But she didn't leave the room. She did something Moon had not even considered.
'Oh come on, little man. Proper artists always drew women starkers. You know that.'
The brownish jumper with its thoughtful darn was on the floor, soon joined by the grey skirt, two discarded skins of stockings and a number of complex items that had long ago been white. Moon stared at the pile of clothes and then flicked his eyes up to Hilda's face, trying to avoid the skin in between. She was flushed and defiant-looking, glittering at him. The last thing she did was unpin her hair. Seeing that he wasn't going to speak, she sat down on the bed, and made an impatient gesture. Well? He had to look then, and saw the way her belly settled into comfortable folds, the sad tug-marks on her hips and breasts where the flesh had swelled too fast. The arch of her pelvis, the arch of her arm propped awkwardly behind her head in imitation of a pose she had seen in magazines, the arch of her foot pointed out. Moon sat on the other bed, and did as he was told.
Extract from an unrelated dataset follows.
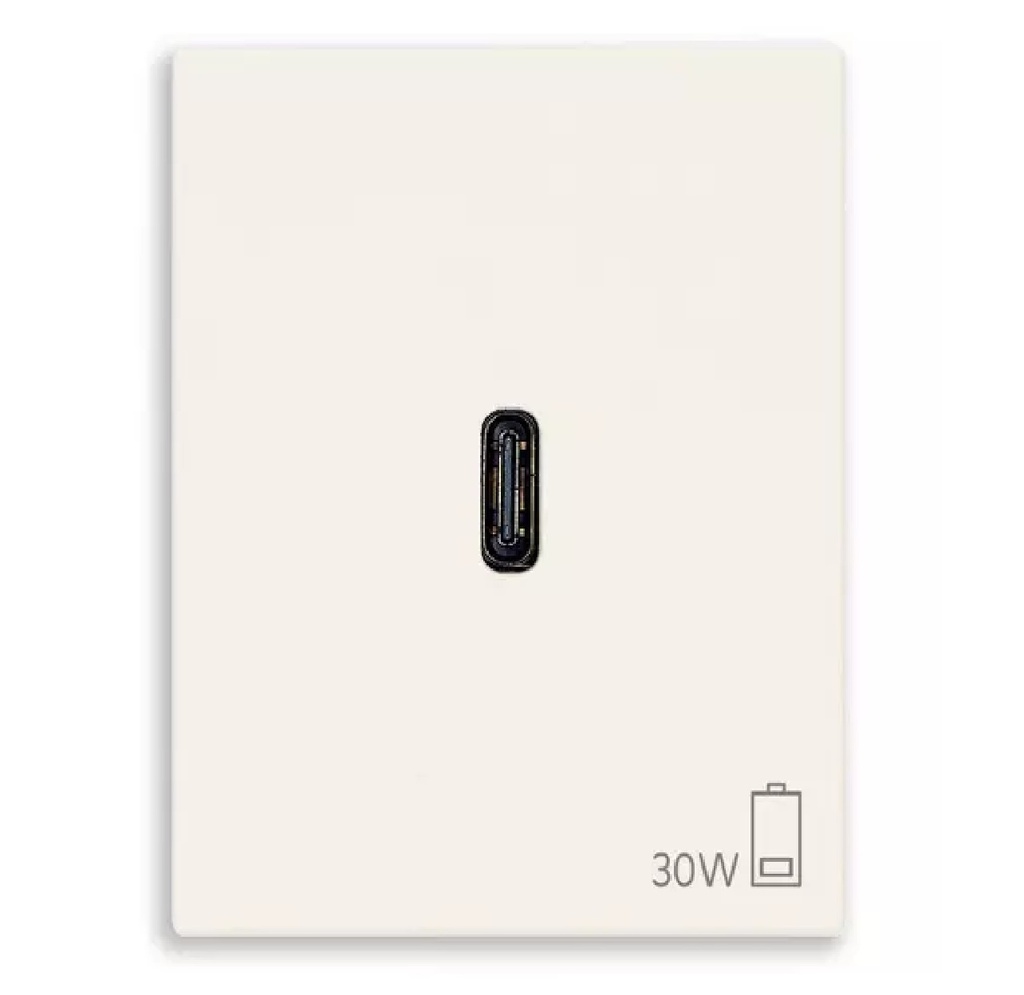 TOMA USB C SENCILLO ( TACO ) DE ALIMENTACION 30 W 2 MOD SERIE LINEA BLANCO REF.30298.B VIMAR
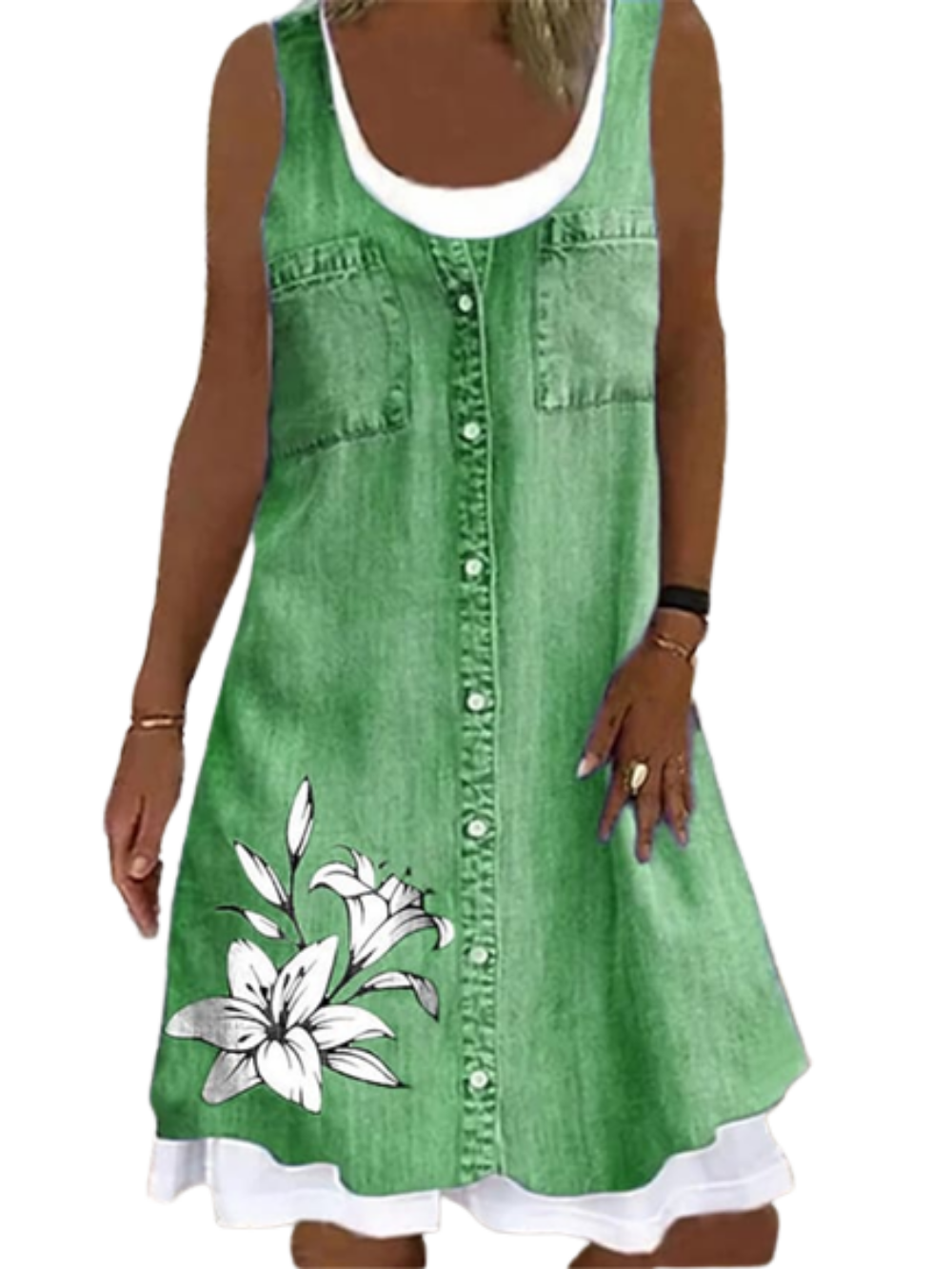 Women's Sleeveless Print Button Round Neck Casual Denim Color Dress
'Can't believe I took all my clothes off and you never tried a thing,' she said when he had stilled his trembles enough to execute a competent sketch of her. He looked at her. She peeled the bedspread off her bed and wrapped it round her shoulders.
'Never say a word, do you? Just big eyes like an owl. Never ask any of the girls out for a drink. Nothing from you. You're a rare commodity, you know. Nice-looking bloke still at home. You ought to take advantage.'
'I'm so small,' said Moon at last.
'But it's nice for a man to be gentle, though. Makes a change.'
She reached over the gap between the two beds, and took the sketchpad out of his hands. 'Ever think about all them prisoners who might be looking at me and wondering who I am?' she said with a soft laugh.
'We don't know -' began Moon.
'We don't know if they get there,' she filled in, nodding, drawing him over to her bed. 'We just never, never - know.'
A hundred pictures of Hilda, wadded between socks and chocolate bars, inside pencils that had been part of trees, tumbling in luggage holds, handled by guards, confiscated, maybe, or never found. She unbuttoned Moon with the tender efficiency of a nurse.
'Like this,' she said.
'Like this,' he weakly echoed.
'Don't draw the others, Moon.'
'I don't.'
the end.
This was published in the Scotland on Sunday Shorts anthology around the turn of the millenium...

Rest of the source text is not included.